Пусть ставят колыбель перед столом,
Чтоб тост в горах гремел, как перестрелка:
Мы песней ночь пробьем! И пулею пробьем
Закинутую под небо тарелку!
ДУБ
Плющ свисает с плеч ветвистых,
Словно старая броня.
- Дуб, тебе, наверно, триста?
Как давно ты ждешь меня!
Столько лет уже стоящий
Здесь, не пропустив ни дня,
Прошлый ты и настоящий,
Будущий, после меня.
Ты, наверно, все на свете
Знаешь, стоя надо мной:
Как мы рыбу ловим в сети,
Как мы боремся с волной.
Буду ждать я Пиросмани
Здесь в тени твоих ветвей.
Он придет и на поляне
Стол раскинет для гостей.
Где - напишет во весь мах!
Где - пошутит кисточкой.
Хлеб положит, сыр чанах
С красною редисочкой.
Бурдючок, барашка, зелень -
Щедрой кистью угостит,
И меня в руке с форелью
Где-то сбоку поместит.
По картону черной ночи
Блики бросит краской белей.
И луну в ветвях упрочит,
Чтоб всю ночь висела целой.
Добрый синий лунный глаз
Прямо над столом зажжет,
Чтобы ясно видел нас
Тот, кто с нами вместе пьет.
С пира каждый унесет
Песенку прощальную,
Ночь ее, как хлеб, дает
Нам в дорогу дальнюю.
Мы на дуб наш поглядим,
Бросим взгляд последний,
Жаль, что он опять один -
Друг наш трехсотлетний.
Вот он ветками плечей
Пожимает мудро;
Трезвый, утренний, ничей, -
Утро - это утро.
АБХАЗСКАЯ ПЕСНЯ
Кто в первый раз в горах запел:
"Варайда-варда" ?
Так пел, что вечный лед кипел
И с гор ручьями падал.
Кто в первый раз в горах запел:
" Варайда-варда"?
Кому принадлежала честь
Мужскую песню эту
В горах абхазских первым спеть,
Пустив гулять по свету?
Есть в песне боль и радость есть,
Лишь робости в ней нету!
Я с неба сумерки сдирал,
Я рвал туманы в клочья,
Начало песни я искал
Повсюду днем и ночью.
Но только высоко, средь скал,
Нашел я то начало:
Там горец раненый лежал,
Под ним река рычала.
Тысячелетние дубы
Стояли в изголовье,
Он сам началом песни был,
И песня пахла кровью.
Лежал он, рухнув, как гора,
Предательством подкошен,
И в ожидании утра
Над ним кружился коршун.
- Вставай, охотник!
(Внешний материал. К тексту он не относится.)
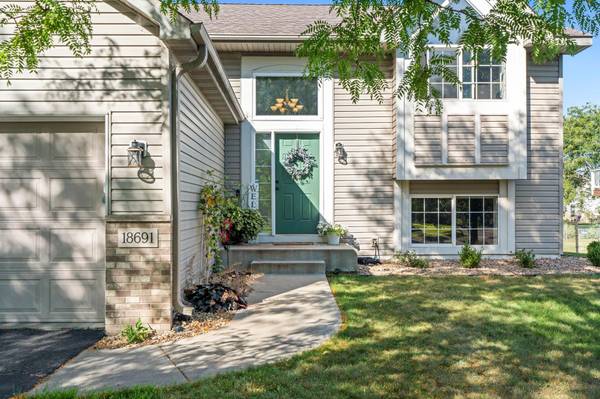 18691 Dylan DR, Farmington, MN 55024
Ты проспал,
Дотла сгорели звезды.
Чтоб день охоты не пропал,
Вставай, пока не поздно!
Я вижу, что нога твоя
Покрыта липким ядом
И размозженная змея
Лежит бессильно рядом.
Не умирай! Свою судьбу
Продли с живыми, с вами.
Смотри, как речка на горбу
Несет дубы с корнями.
Доверься ей, она в беде,
Как горец настоящий,
Тебя не выбросит нигде
И до людей дотащит!
И вот услышал он меня,
Поднялся, стиснув зубы,
И влез в поток, и лег плашмя
На грудь большому дубу.
Поток стрелой его понес
К родным местам все ближе.
Уже лачугу, где он рос,
На берегу я вижу.
Я жду, чтоб людям крикнул он,
Позвал на помощь стоном!
Но горцу лучше смерть, чем стон.
Стон - это недостойно!
С улыбкой на лице встречать
Судьбу обязан горец.
Но как же людям знак подать
Улыбкою - о горе?
И вместо крика или слез
В волнах, со смертью рядом,
Вдруг в горле горца родилось:
"Варайда-варда!"
То был не стон и не мольба,
Не вопль больного тела,
То мужество само себя
Спеть в песне захотело!
Стенанья трусов выдают.
Их страх за жизнь свою.
Они "Варайда" не споют
У смерти на краю.
Но храбрый боль не признает,
Считает страх неправдой,
Пока он дышит - он поет:
"Варайда-варда!"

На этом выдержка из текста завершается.